<<<<

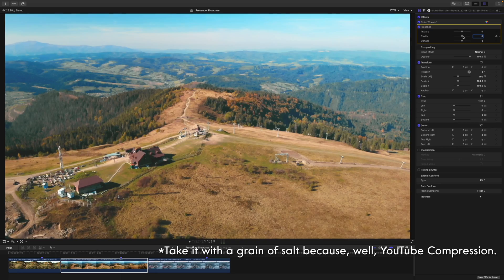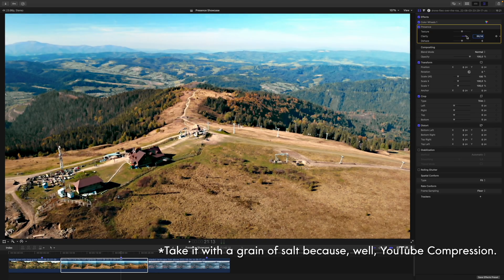Many people have a love-hate relationship with the clarity slider. But when applied adequately, you can achieve some stunning results, like here on this beautiful drone shot. As you can see, with just one slider you can achieve some very dramatic looks.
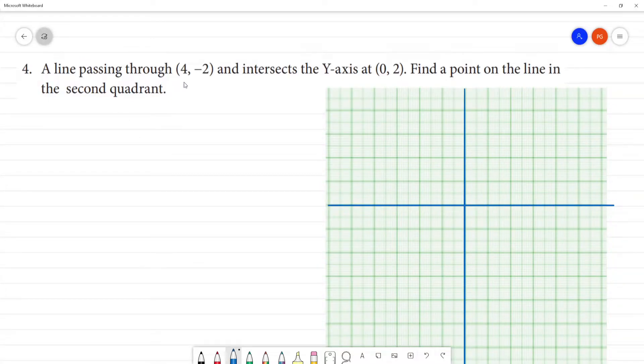A line passing through (4, -2) and intersects the y-axis at (0, 2). Find a point on the line in the second quadrant.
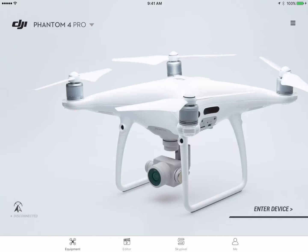Hi, once again, this is Kerry Garrison with Multicopter Warehouse and DJI Colorado. Today we're going to go over some of the new stuff in the Go app, as well as how to look at your flight logs. There are a lot of questions on this — a lot of people don't even know that some of these things exist.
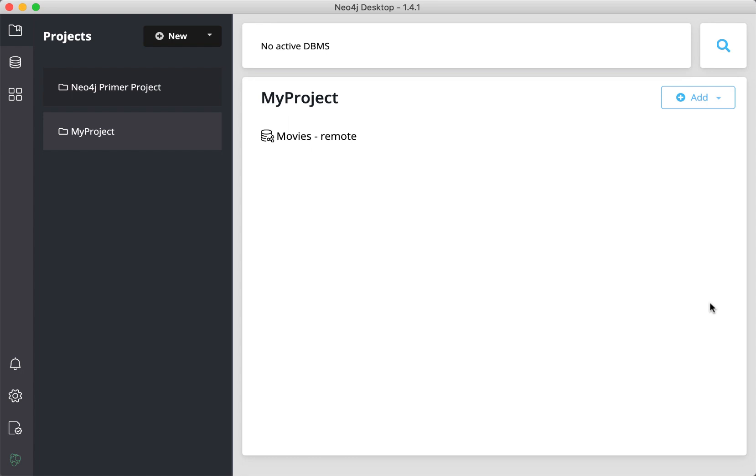In Neo4j Desktop, you can have a single DBMS started, or a single connection to a remote DBMS.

>>>>

Brief:
Leave out any pictures and return exactly the lines from the beginning of the data through the line with "A line passing", inclusive.

Result of the task:
Many people have a love-hate relationship with the clarity slider. But when applied adequately, you can achieve some stunning results, like here on this beautiful drone shot. As you can see, with just one slider you can achieve some very dramatic looks.
A line passing through (4, -2) and intersects the y-axis at (0, 2). Find a point on the line in the second quadrant.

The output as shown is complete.